Meski reklamasi dihentikan sementara, Hendri menyatakan belum ada indikasi kerusakan lingkungan di lokasi tersebut. ”Ya, belum ada (kerusakan lingkungan),” ucap Hendri.
Namun, pernyataan tersebut dibantah oleh NGO Akar Bhumi Indonesia. Founder Akar Bhumi, Hendrik Hermawan, menegaskan bahwa kerusakan lingkungan akibat reklamasi PT Blue Steel sangat nyata. ”Jelas dan nyata. Hanya orang buta yang tak bisa melihat kerusakan lingkungan di sana. (Kondisinya) miris dan mengkhawatirkan,” kata Hendrik, kemarin.
Menurutnya, PT Blue Steel mereklamasi tanpa prosedur yang benar dan tidak memperhatikan dampak lingkungan. Selain itu, masyarakat yang terdampak, khususnya para nelayan, hanya menerima kompensasi minim sebesar Rp500 ribu per kepala keluarga.
”Nelayan tak bisa melaut, hasil tangkapan merosot. Mereka hanya diberi ganti rugi Rp500 ribu. Ini tak sebanding dengan kerusakan yang terjadi,” ujar Hendrik.
Hendrik juga mengungkapkan bahwa reklamasi ini menyebabkan ekosistem pesisir terganggu. ”Mereka yang biasa mencari ketam, udang, kepiting, kini sudah tidak bisa lagi. Pesisir dan laut semakin parah terdampak akibat reklamasi ini,” ujarnya.
Selain itu, Hendrik menyebut tidak adanya pembangunan tanggul atau silt barricade menyebabkan pencemaran yang lebih luas. Material timbunan tanah yang langsung ditebarkan ke laut mengakibatkan sedimentasi tinggi, merusak ekosistem mangrove, dan terbawa arus hingga ke area perairan sekitar.

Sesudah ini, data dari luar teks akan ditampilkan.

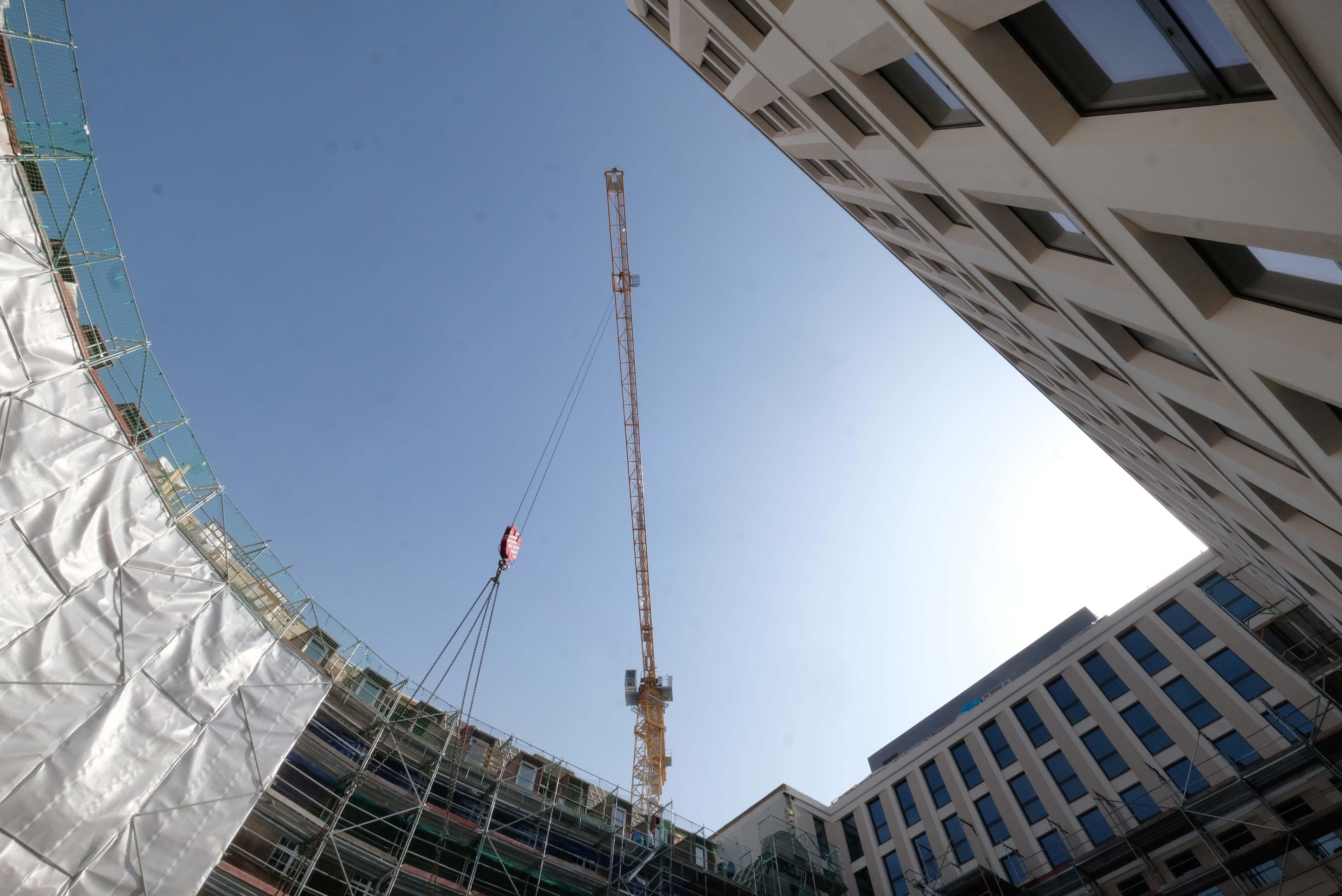  Besichtigung der Baustelle neues Hotel 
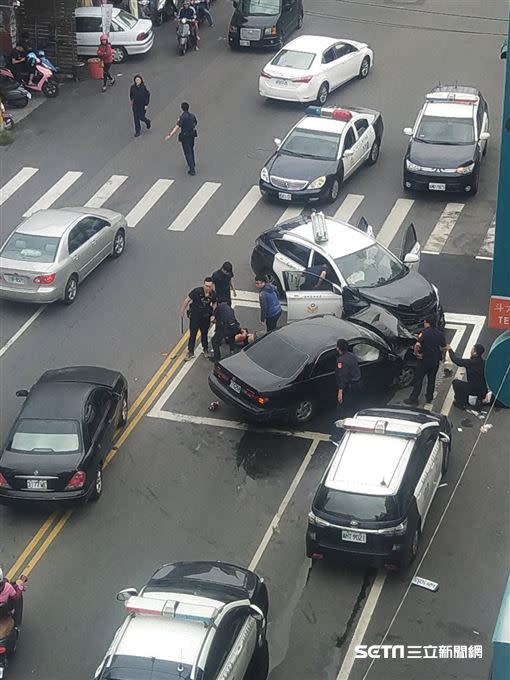 5輛警車前後包夾通緝犯，3名警員因此受傷，其中兩人骨折。（圖／翻攝畫面）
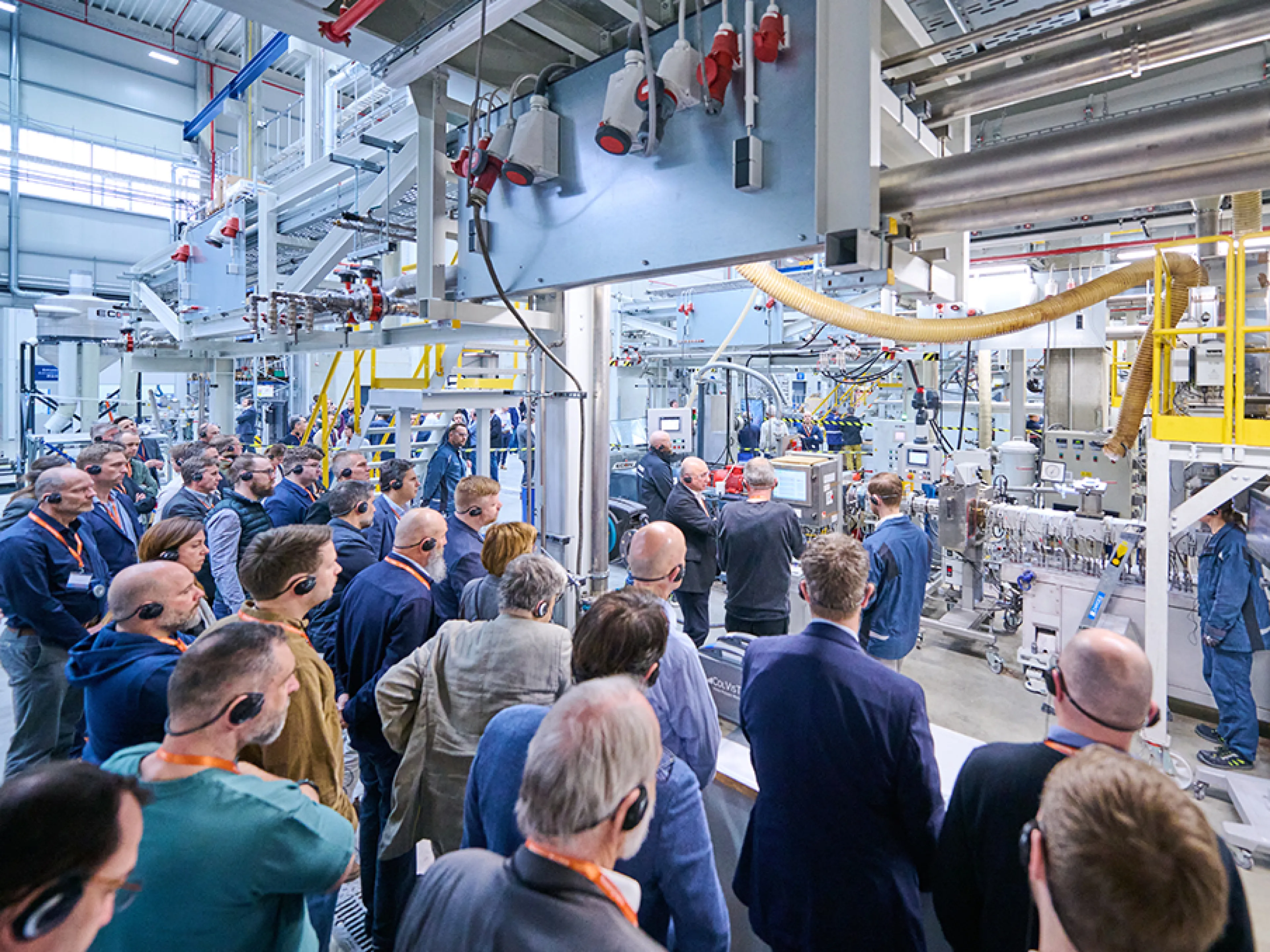 Für großes Interesse sorgte das neue Maschinenkonzept für das kontrollierte Upcycling von Post-Consumer-Kunststoffabfällen zu hochwertigen Automotive-Compounds, Bild: Krauss-Maffei Für großes Interesse sorgte das neue Maschinenkonzept von Krauss-Maffei für das kontrollierte Upcycling von Post-Consumer-Kunststoffabfällen zu hochwertigen Automotive-Compounds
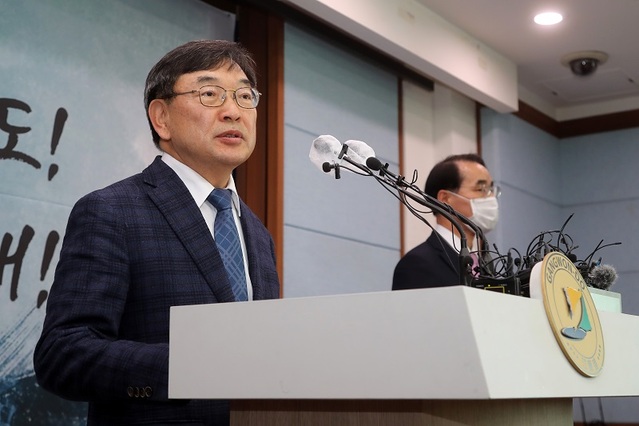 ▲ 문일재 강원도청신청사건립부지선정위원장이 20일 도청에서 신청사 부지로 동내면 고은리 일원을 발표하고 있다.ⓒ강원도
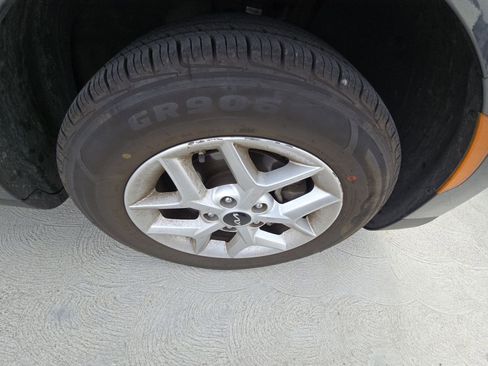 Used 2025 Kia Soul LX w/ LX Technology Package image 10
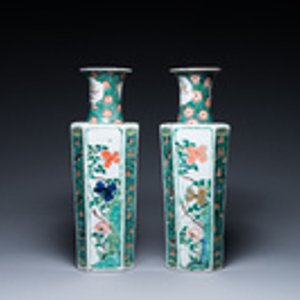 A pair of Chinese hexagonal famille verte vases with floral panels, Kangxi — photo 2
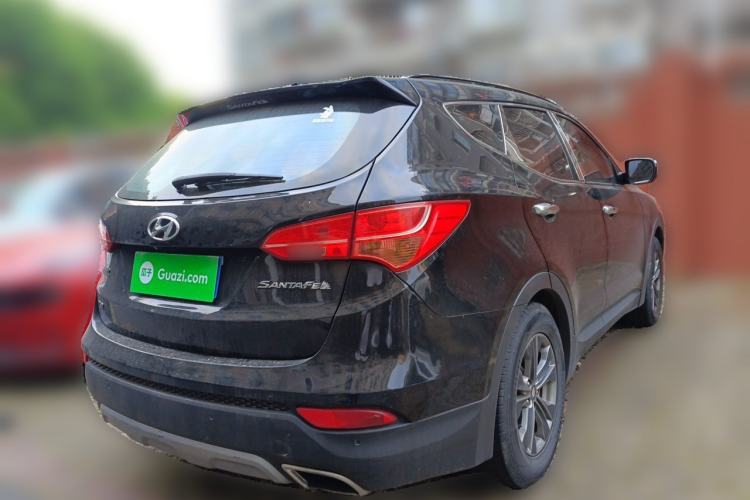 Used Hyundai Santa Fe 2015 2.0T Automatic Two-Wheel Drive Smart Version 5 Seats Rear Right 45 Deg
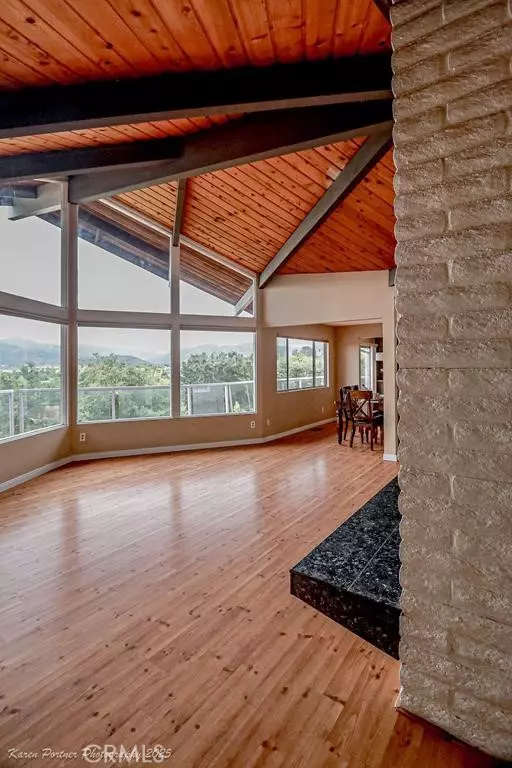 Escondido, CA 92027,2373 Carroll LN
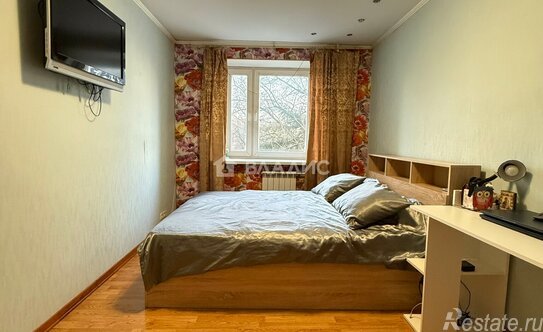 Продажа 2-комн квартиры на вторичном рынке Офицерская улица,  д. 18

”Truk-truk mengangkut tanah bauksit, alat berat meratakan lahan, dan reklamasi dilakukan tanpa memenuhi standar lingkungan. Ini menimbulkan banyak masalah, baik dari sisi lingkungan, ekonomi, maupun sosial,” ujarnya.
Menurut Hendrik, pemulihan kerusakan akibat reklamasi ini akan membutuhkan biaya yang besar. ”Yang bisa menghitung kerugian negara dan lingkungan ini hanyalah para ahli,” katanya.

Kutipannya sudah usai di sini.